There are many reasons for companies to adopt the cloud. However, cloud services might not be a viable solution for your business and/or there may be stumbling blocks that might derail migration to the cloud.
We’ve talked previously about the reasons why cloud projects fail and also situations where the cloud may not offer a better solution. So, let’s take a look at how you should go about charting your migration to the cloud.
Step 1: Start with a Business Analysis
We often hear people talk about “the cloud” as if it’s a singular thing. But as you know, it is not. The cloud covers a number of technologies and capabilities, as we discussed in a previous post, “Ways the Cloud Tackles Business Challenges Head On.”
Before any technology discussion begins, you need to clearly understand the business issues that are driving you to consider the cloud. Are you looking to cut application costs, or run existing apps faster?
Do you want to deploy brand new applications, perhaps with increased resilience? Are you expecting significant business growth, or an acquisition, and need to scale your operations? Or perhaps you’re looking for a business continuity solution?

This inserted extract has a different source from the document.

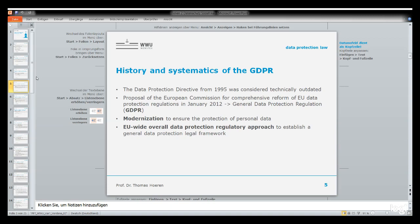Different levels of implementation led to the need to make a regulation. A regulation in data protection means it is directly binding for all citizens, corporations, and states — so you don't need to implement the European text into national law.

Whatever your situation, be sure to define your expectations for cost and performance, and profile your applications including transactions, data volumes, and other resources — for today and for the foreseeable future. Importantly, make sure you know what service level metrics are expected.
Once you’ve completed your analysis, be sure that your communicate cloud basics and the benefits you are projecting.
Step 2: (Truly) Understand Your Costs
Cost control is high on everyone’s list of business drivers, and cost savings are frequently cited as a key benefit of public AND private cloud implementations. Probably the most often cited way that cloud solutions save money is the elimination of physical infrastructure. But there will also be costs involved with going to the cloud.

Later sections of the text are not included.